Joseph Pereira, a Catholic clergyman and proponent of Iyengar yoga, wears both his hats with perfect ease as he teaches yoga around the world. He studied the practice directly from BKS Iyengar, the legendary founder of Iyengar yoga, and his students include everyone from Christian priests to Singapore’s first prime minister Lee Kuan Yew. Through his 34-year-old organisation Kripa Foundation, he uses yoga to rehabilitate people with alcohol addiction problems.
Anti-yoga propaganda, says Pereira, is the work of a specific lobby of fundamentalist, “born-again” Christians who he describes as “God addicts”. This may sound strange coming from a Catholic priest, but Father Joe – as most people know him – has chosen his words for a reason.
Opium for the masses
“Jesus, for me, is the supreme yogi, because he spoke about being one with God,” said Pereira, who emphasises that Iyengar yoga transcends all ideologies and philosophies with its ability to unite people. Just this year, Pereira published a book called Yoga for the Practice of Christian Meditation, connecting the practice of various yoga asanas to teachings from the Bible.
The Catholic church, he says, has actually been open to the idea of opening up to practices like yoga since the Second Vatican Council of 1962, when the church issued two documents – one about the church in the modern world and the other on its relationship with non-Christian religions.
“In both documents, we have been encouraged to imbibe spirituality from world religions,” said Pereira. It is in this spirit that Bede Griffith, a British Benedictine monk living in India, began to promote Hindu-Christian dialogue, wrote a Christian reading of the Bhagwad Gita and came to be called a yogi.

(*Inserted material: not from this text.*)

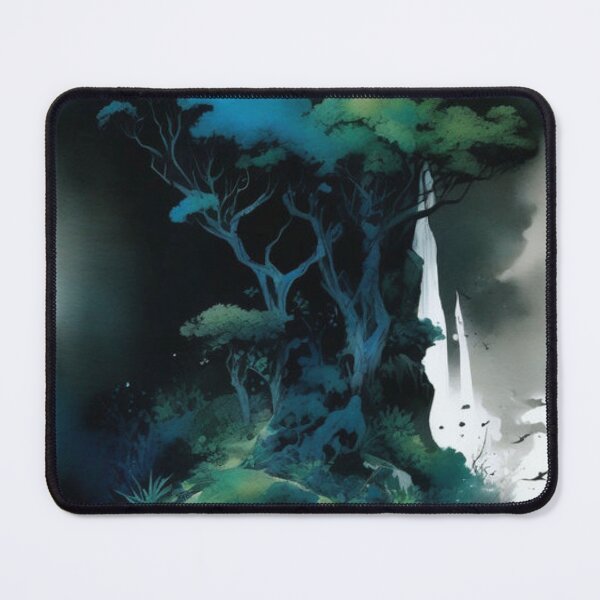 Item preview, Enchanted Forest designed and sold by joejiing.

“How many people in the West know about all of this?” said Pereira. The anti-yoga propagandists, he said, not only fail to see the spiritual aspects of yoga, they also fail to delve deeper into the meaning of their own religion.
“So many people who come to church every day are lost in religion – they make a fetish out of their idea of God but don’t know what it really means,” said Pereira. “Marx was right when he said that religion can be like opium for people.”

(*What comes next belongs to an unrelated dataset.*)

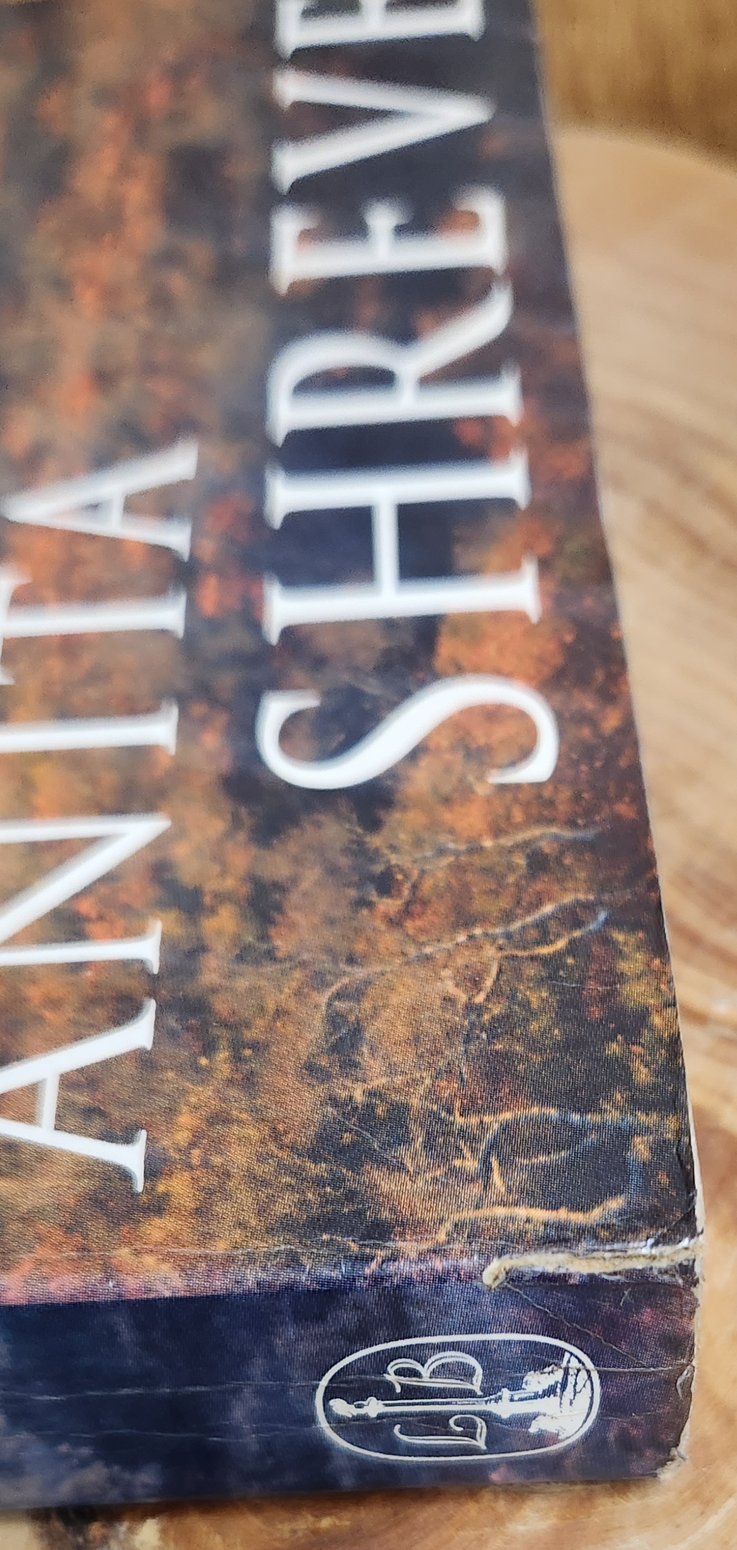 All he ever wanted - Anita Shreve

Christian denominations like the Pentecostals, the Southern Baptist churches in the US and various television evangelists – the groups that routinely oppose the practice of yoga – are highly fundamentalist “God addicts” who Pereira likens to the Hindutva Bajrang Dal or the Islamist Al-Queda. “All these groups preach the prosperity gospel – the idea that if you follow the gospel, you will prosper,” said Pereira. “They are only in it for the money and power.”
Acrobatics versus yoga
To Pereira, yogic spirituality is primarily about healthy living, and he plans to promote the idea this year on June 23, which Kripa Foundation will mark as an International Yoga for Addiction Recovery Day. Representatives from de-addiction centres from at least 25 countries will participate, including the US.
Pereira emphasises, however, that it is mainly Iyengar yoga that he chooses to defend from opposition in the West. “All kinds of yoga are being popularised in Western countries these days, and some of them do present yoga through a Hindu religious lens,” he said. “Most, however, have just reduced yoga to acrobatics. But yoga is not just a work out – it is a work in.”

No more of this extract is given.